[Exercise input Boundary: Start]
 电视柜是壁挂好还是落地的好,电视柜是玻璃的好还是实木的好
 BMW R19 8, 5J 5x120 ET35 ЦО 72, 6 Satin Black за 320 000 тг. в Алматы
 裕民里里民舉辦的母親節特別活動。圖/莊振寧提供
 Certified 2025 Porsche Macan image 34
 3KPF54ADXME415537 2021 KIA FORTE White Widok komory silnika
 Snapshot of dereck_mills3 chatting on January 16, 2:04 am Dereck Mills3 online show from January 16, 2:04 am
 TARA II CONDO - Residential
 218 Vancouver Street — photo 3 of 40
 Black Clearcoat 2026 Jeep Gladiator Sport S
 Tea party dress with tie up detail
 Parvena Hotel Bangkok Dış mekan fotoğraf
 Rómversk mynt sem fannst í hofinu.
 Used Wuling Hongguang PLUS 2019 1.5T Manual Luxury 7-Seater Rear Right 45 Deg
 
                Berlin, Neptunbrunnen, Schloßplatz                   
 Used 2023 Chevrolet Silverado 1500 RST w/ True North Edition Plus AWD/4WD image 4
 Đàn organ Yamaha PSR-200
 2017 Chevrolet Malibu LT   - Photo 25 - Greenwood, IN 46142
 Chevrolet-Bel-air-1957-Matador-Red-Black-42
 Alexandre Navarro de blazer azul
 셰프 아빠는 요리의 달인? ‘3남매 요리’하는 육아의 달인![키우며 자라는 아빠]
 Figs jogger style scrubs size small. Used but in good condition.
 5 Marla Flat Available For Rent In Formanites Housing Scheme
[Exercise input Boundary: End]
-- Exercise --
Copy every record above verbatim and in full.

-- Exercise response --
 电视柜是壁挂好还是落地的好,电视柜是玻璃的好还是实木的好
 BMW R19 8, 5J 5x120 ET35 ЦО 72, 6 Satin Black за 320 000 тг. в Алматы
 裕民里里民舉辦的母親節特別活動。圖/莊振寧提供
 Certified 2025 Porsche Macan image 34
 3KPF54ADXME415537 2021 KIA FORTE White Widok komory silnika
 Snapshot of dereck_mills3 chatting on January 16, 2:04 am Dereck Mills3 online show from January 16, 2:04 am
 TARA II CONDO - Residential
 218 Vancouver Street — photo 3 of 40
 Black Clearcoat 2026 Jeep Gladiator Sport S
 Tea party dress with tie up detail
 Parvena Hotel Bangkok Dış mekan fotoğraf
 Rómversk mynt sem fannst í hofinu.
 Used Wuling Hongguang PLUS 2019 1.5T Manual Luxury 7-Seater Rear Right 45 Deg
 
                Berlin, Neptunbrunnen, Schloßplatz                   
 Used 2023 Chevrolet Silverado 1500 RST w/ True North Edition Plus AWD/4WD image 4
 Đàn organ Yamaha PSR-200
 2017 Chevrolet Malibu LT   - Photo 25 - Greenwood, IN 46142
 Chevrolet-Bel-air-1957-Matador-Red-Black-42
 Alexandre Navarro de blazer azul
 셰프 아빠는 요리의 달인? ‘3남매 요리’하는 육아의 달인![키우며 자라는 아빠]
 Figs jogger style scrubs size small. Used but in good condition.
 5 Marla Flat Available For Rent In Formanites Housing Scheme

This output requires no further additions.